Final answer:
To solve 12⁷⋅ 30⁵/25²⋅ 8⁵⋅ 27⁴, we prime factorize the bases and apply the laws of exponents. We add exponents for multiplication and subtract for division when bases are the same. After simplifying, we arrive at a final expression of 2⁴⋅ 3¹⁰ / 5⁴.
Step-by-step explanation:
To find the value of 12⁷⋅ 30⁵/25²⋅ 8⁵⋅ 27⁴, we apply the laws of exponents. First, each base raised to a power must be dealt with individually. For the division, we subtract exponents when the base is the same and for multiplication, we add exponents when the base is the same.
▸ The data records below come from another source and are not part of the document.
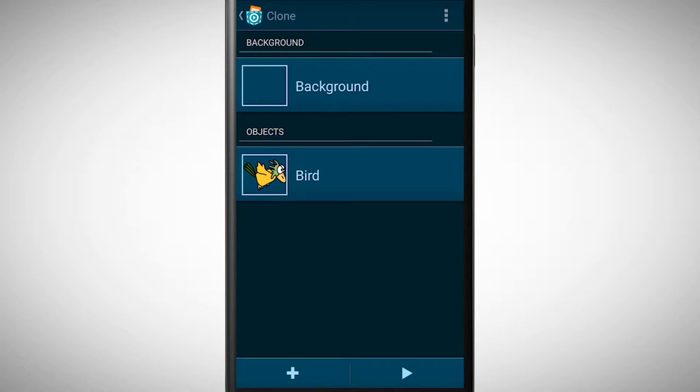In this video we look at the convenient function of Pocket Code. We will learn how to clone objects. In this example we have a bird object and this object is gliding randomly on the screen.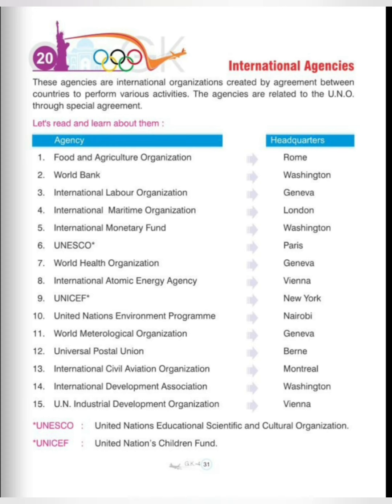First is Food and Agriculture Organization, headquartered in Rome. The headquarters of World Bank is in Washington. International Labour Organization headquarters are in Geneva. International Maritime Organization is in London. International Monetary Fund is in Washington. UNESCO is in Paris.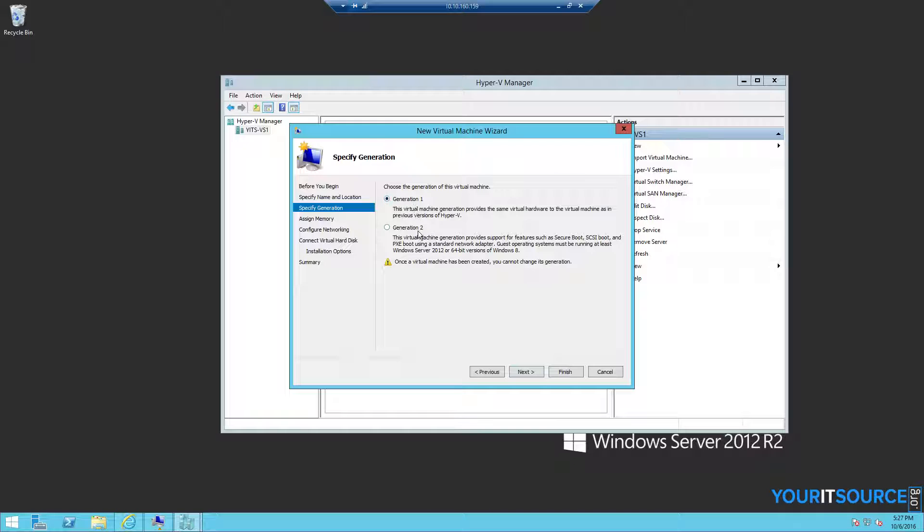Choose either Generation 1 or Generation 2, depending on your needs. You can read the on-screen description for more information.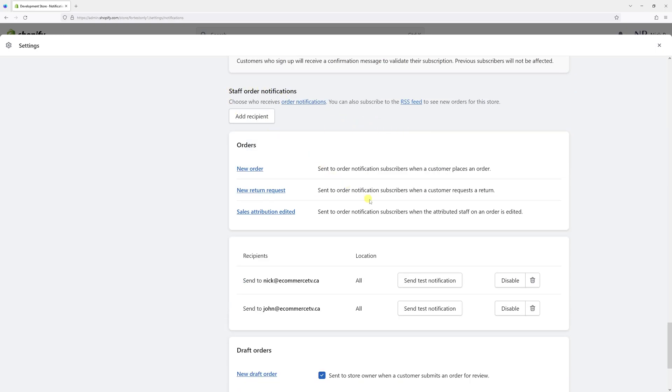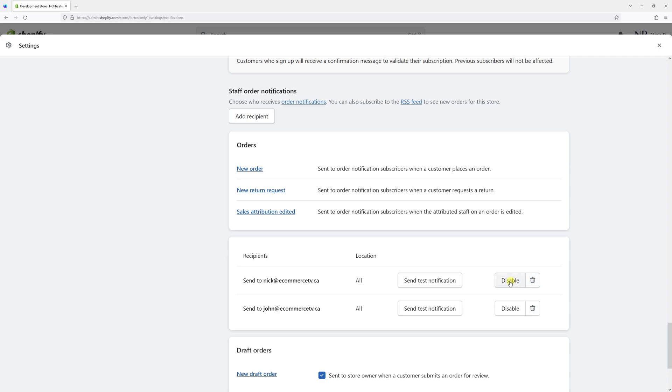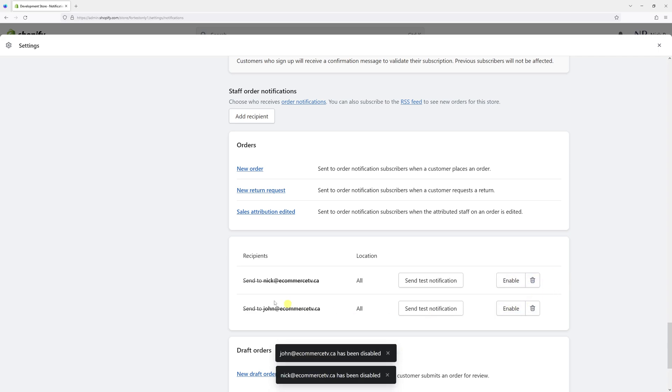Right here, you'll see the recipients. In my case, I have two of them. To disable the notifications, simply check this box that says Disable and do the same for the second email.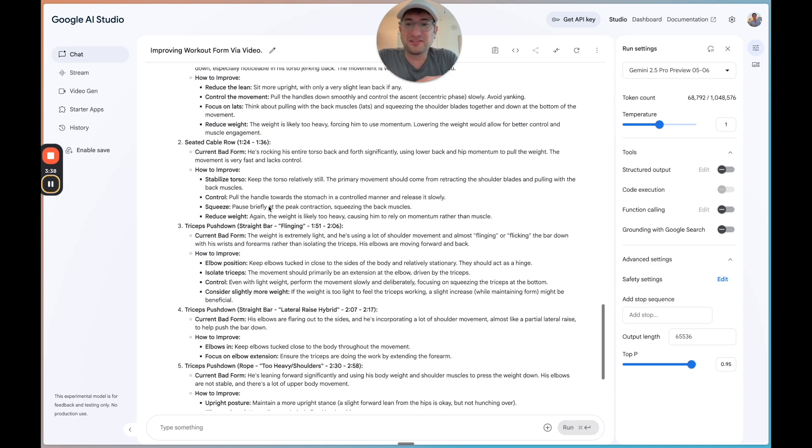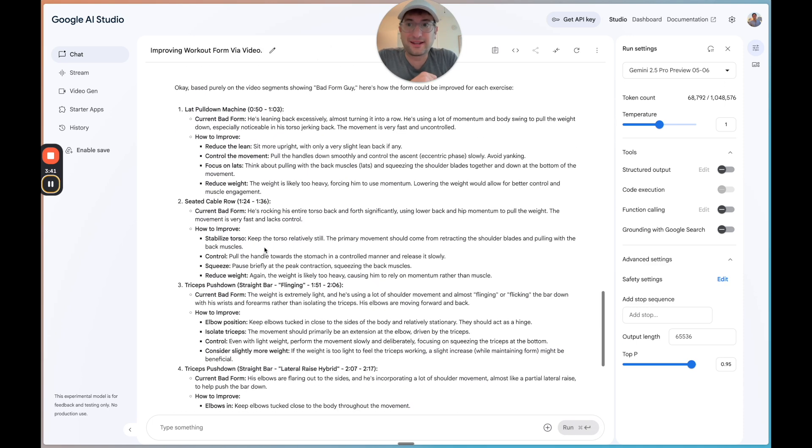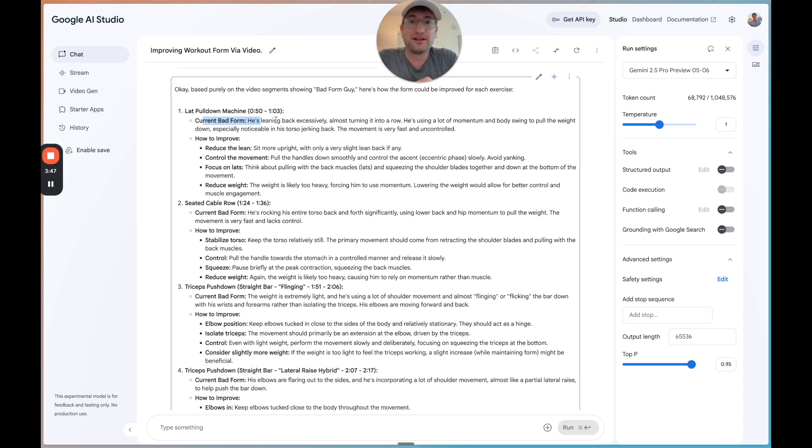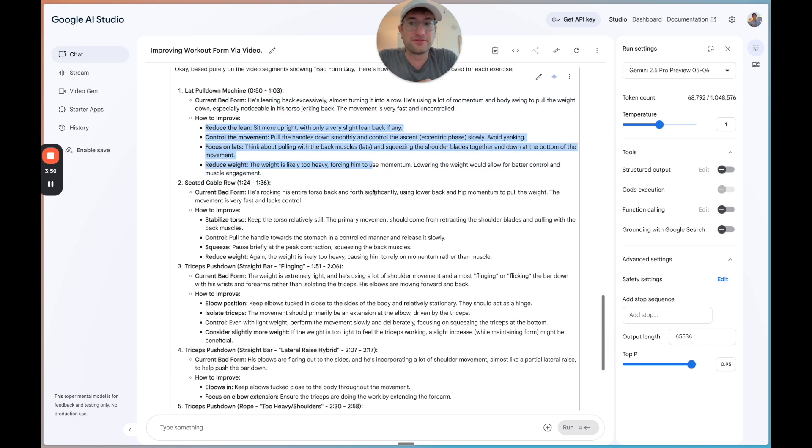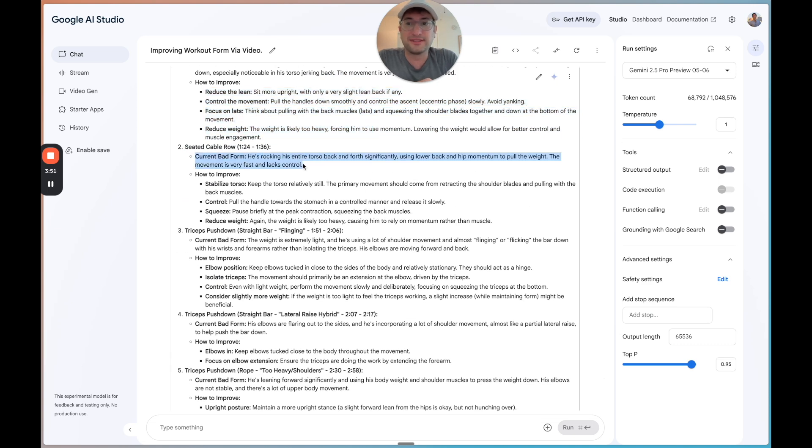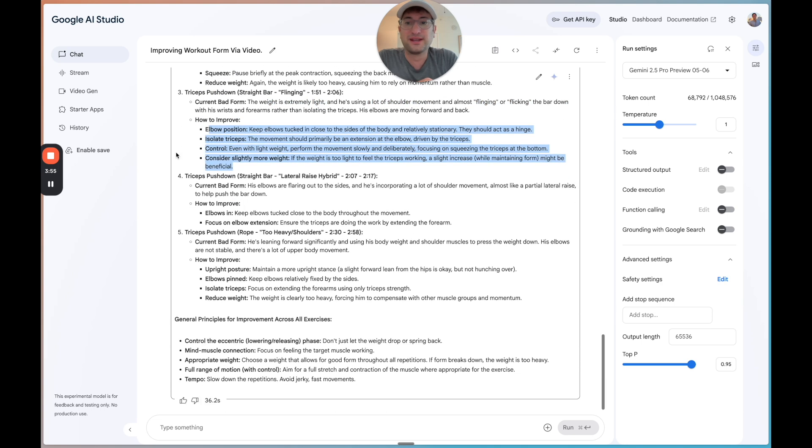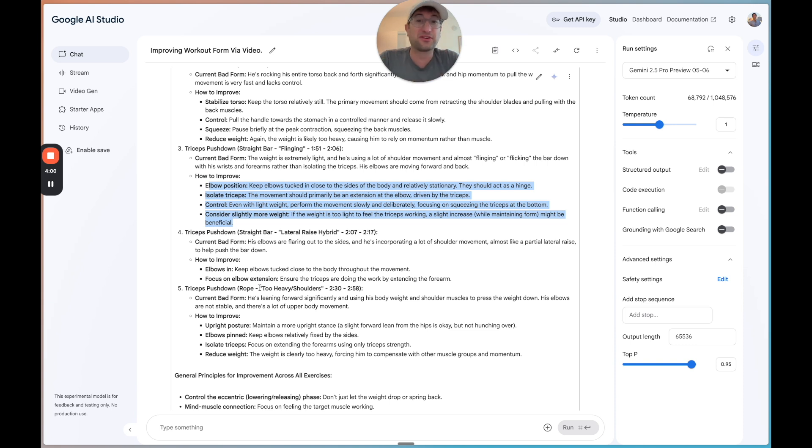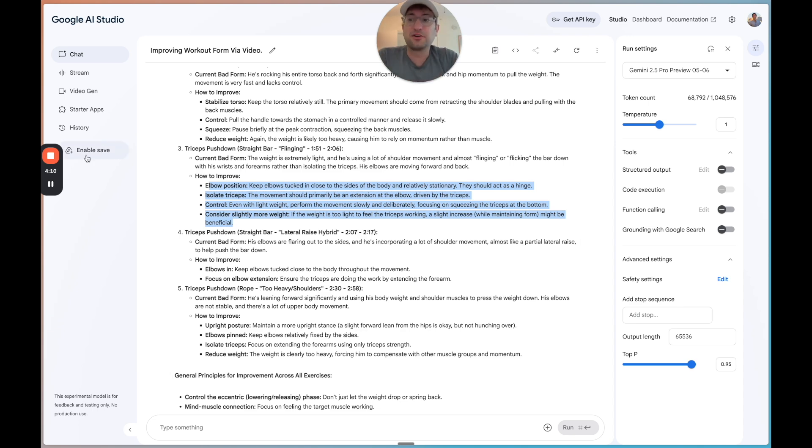We're getting really detailed feedback on the specific workouts that were being done. So here we can see lap pulldown. It's describing the bad form and telling us how to improve it. Same with the seated cable row and how to improve. Same with tricep pushdown and how to improve. So this is really impressive. And I could totally imagine an app that people would record themselves at the gym and get personalized AI fitness feedback on their form. And I think people would pay a lot for this.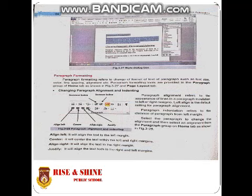Paragraph indentation refers to the distance of a paragraph from the left margin. To change the alignment, select the paragraph and then select an alignment from the paragraph group on the home tab, where the alignment options are located.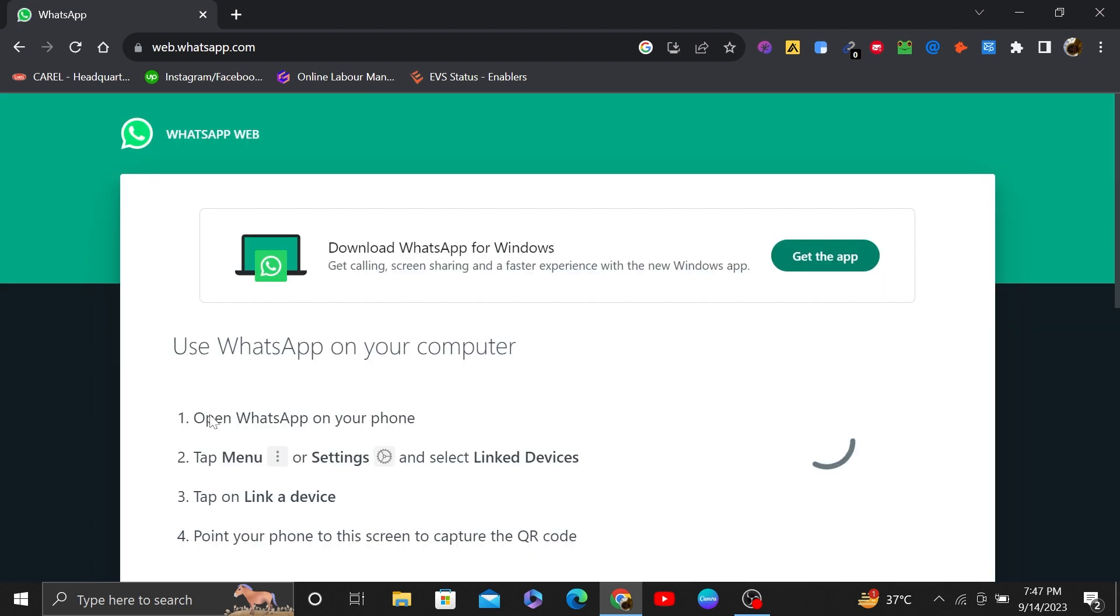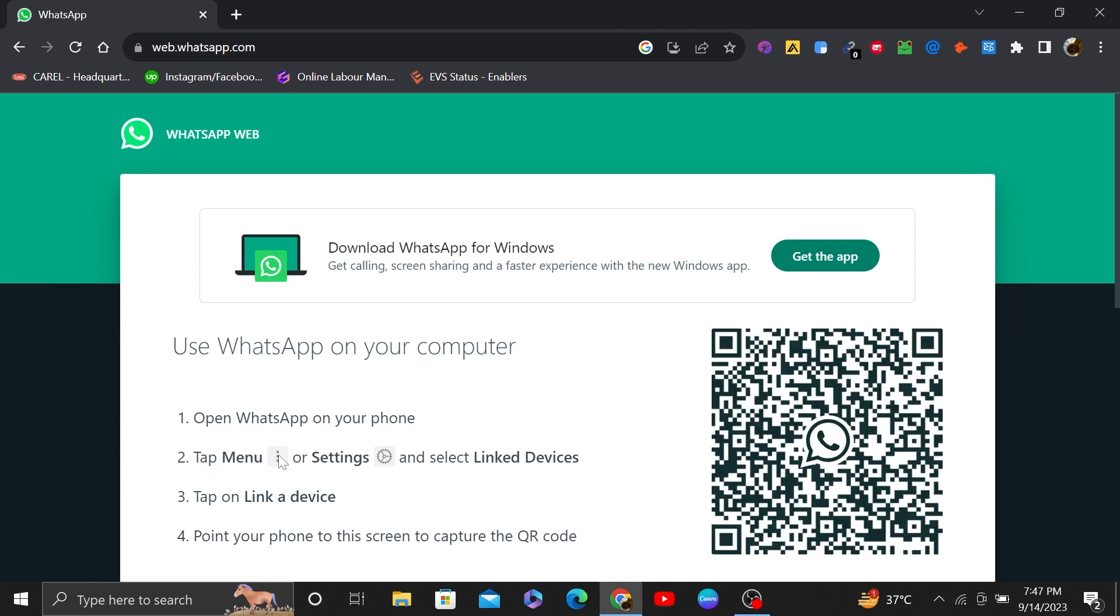Once you get into its site, it will show you the QR code. You can scan the QR code through your phone's WhatsApp.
The challenge here is that the bases are not the same, but we can prime factorize each to get to a common base if possible.
Let's break it down:
- Prime factorization of bases: 12 = 2²⋅ 3, 30 = 2⋅ 3⁵, 25 = 5², 8 = 2³, and 27 = 3³.
- Rewrite with prime factors: (2²⋅ 3)⁷ ⋅ (2⋅ 3⁵)⁵ / (5²)²⋅ (2³)⁵⋅ (3³)⁴.
- Expand using laws of exponents: 2¹⁴⋅ 3⁷ ⋅ 2⁵⋅ 3¹⁵ / 5⁴⋅ 2¹⁵⋅ 3¹².
- Simplify by adding and subtracting exponents where bases are the same: 2¹⁴+5-15⋅ 3⁷+25-12 / 5⁴.
- Simplify further: 2⁴⋅ 3¹⁰ / 5⁴.
- If necessary, compute the final value using a calculator or continue simplifying if common factors exist.
Remember that the power affects everything inside the parentheses, so you must apply the exponents to both the coefficients and the variables when expanding.